• The task
Write down the listing again exactly as it appears below, without its pictures.

• Data block
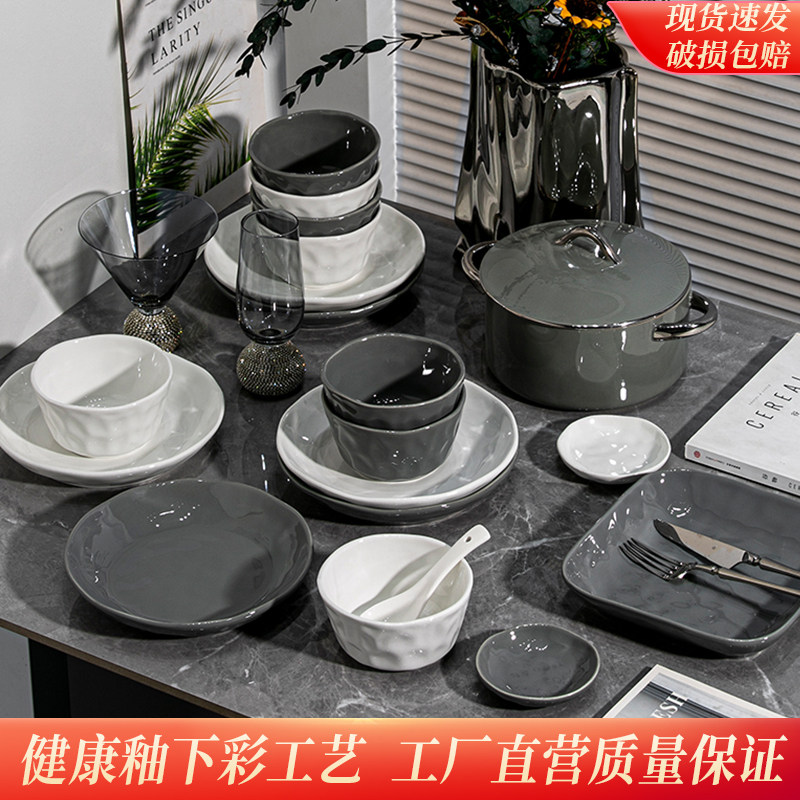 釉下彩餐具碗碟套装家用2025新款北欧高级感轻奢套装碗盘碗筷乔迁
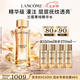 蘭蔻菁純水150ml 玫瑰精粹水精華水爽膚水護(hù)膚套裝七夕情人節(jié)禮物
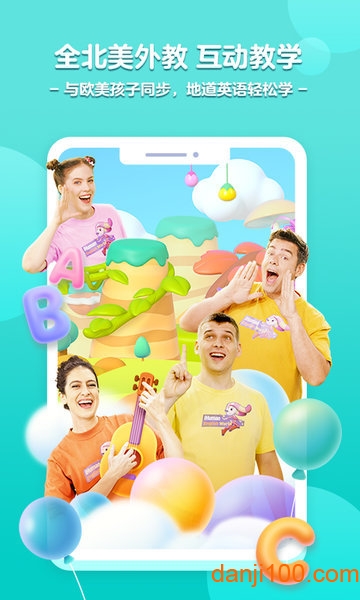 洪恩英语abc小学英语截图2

• Answer section
 釉下彩餐具碗碟套装家用2025新款北欧高级感轻奢套装碗盘碗筷乔迁
 蘭蔻菁純水150ml 玫瑰精粹水精華水爽膚水護(hù)膚套裝七夕情人節(jié)禮物
 洪恩英语abc小学英语截图2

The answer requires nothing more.